La jeune femme refuse aussitôt ses avances, mais voit, dans les jours qui suivent, le comportement de l'officier devenir plus agressif, rapidement suivi par d’autres membres de la brigade. "À partir du moment où mon supérieur a commencé à me harceler, à m’insulter et à me dénigrer au travail, les autres ont vu, et se sont permis de faire le même chose", explique Seaade Besbiss, également surprise par le silence des autres femmes de la brigade. "On m’a dit : ‘Tais-toi c’est mieux'."

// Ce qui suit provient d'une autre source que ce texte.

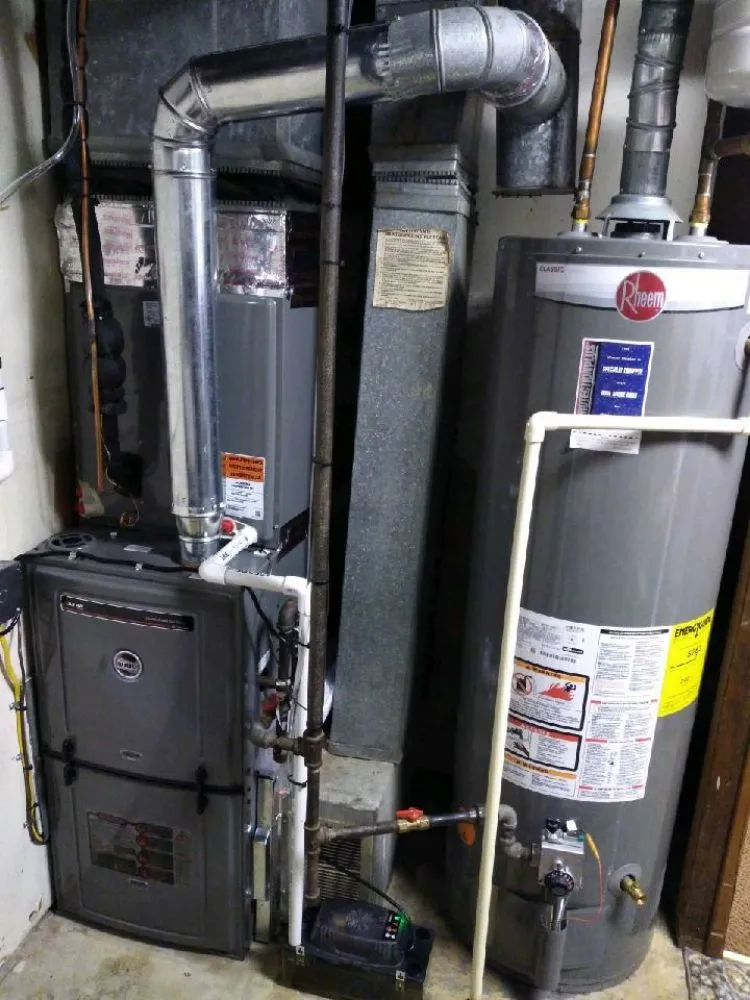 Slide of Skye's The Limit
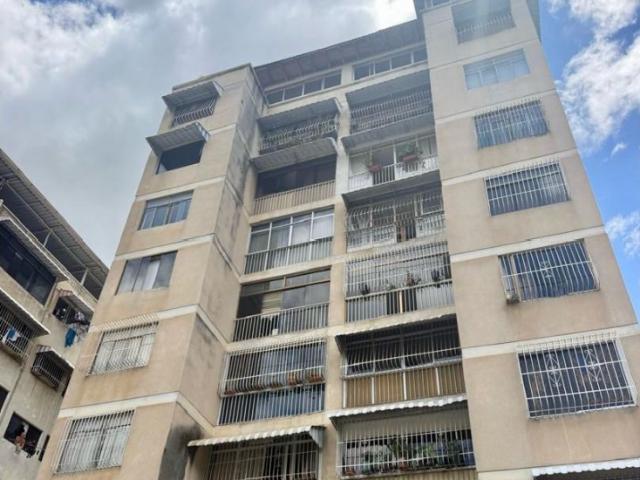 Apartamento en venta en Miranda, Carabobo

L’Inspection générale de la gendarmerie. "C’est pas normal, je rentre par vocation, je veux combattre les injustices. Si les injustices sont à l’intérieur de l’institution je ne peux pas accepter ça. Comment faire la morale à l’extérieur si, à l’intérieur de l’institution, on accepte ce genre de comportements délictuels ?", interroge la jeune femme. Elle explique avoir essayé de signaler ces comportements en interne, avant finalement de se résoudre à déposer plainte pour harcèlement moral. L’Inspection générale de la gendarmerie (IGG) lui aurait fait savoir qu’ "il n’y a pas de fumée sans feu", l’invitant à être "moins féminine."

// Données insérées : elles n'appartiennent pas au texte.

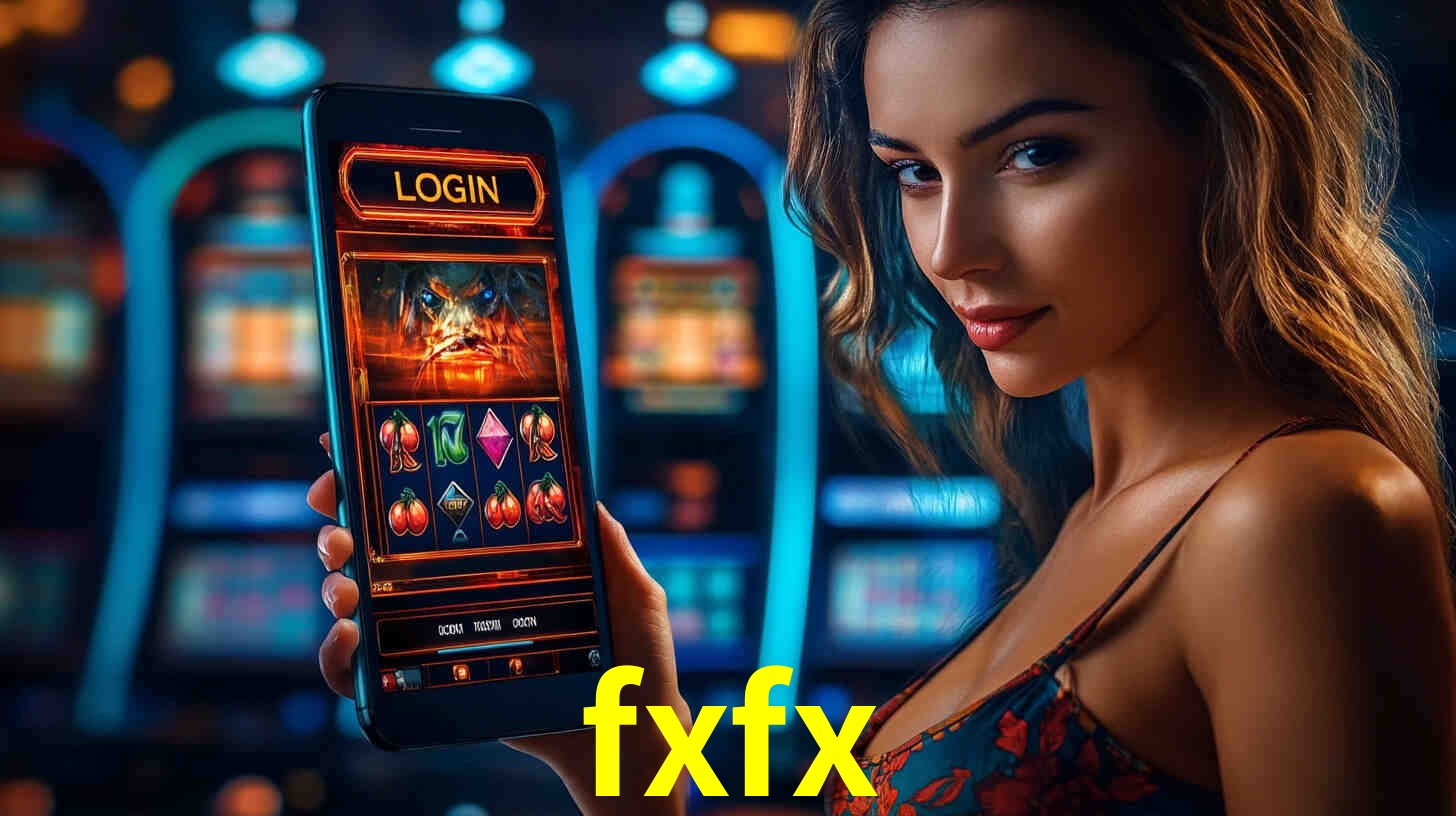 fxfx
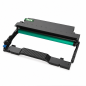 Pantum DL-410 Black Drum Unit, 12,000 Pages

Elle assure que l’IGG, qui de son côté n'a pas relevé de harcèlement, a enquêté sur sa vie privée, allant jusqu’à interroger le gérant d’une boite de nuit des environs. "Le soir je sors avec mes amis, je vais m’amuser en soirée", explique-t-elle, mais elle rappelle : "Je ne vois pas pourquoi on va enquêter sur ma vie privée alors que je signale un harcèlement qui se passe au travail, et au travail je suis habillée en gendarme !"

Lettres de soutien. Néanmoins, ce n’est pas l’institution que Seaade Besbiss cherche a remettre en cause mais "l’individu, la personne qui porte l’uniforme et qui, par son comportement, salit cet uniforme." Elle continue de préparer les concours pour pouvoir intégrer officiellement la gendarmerie. "J’ai beaucoup de femmes gendarmes qui m’écrivent, elles subissent la même chose, et elles me demandent des conseils […] Elles n’osent pas parler, elles ont peur de perdre leur travail", affirme la jeune femme qui dit avoir reçu une vingtaine de courriers en un mois.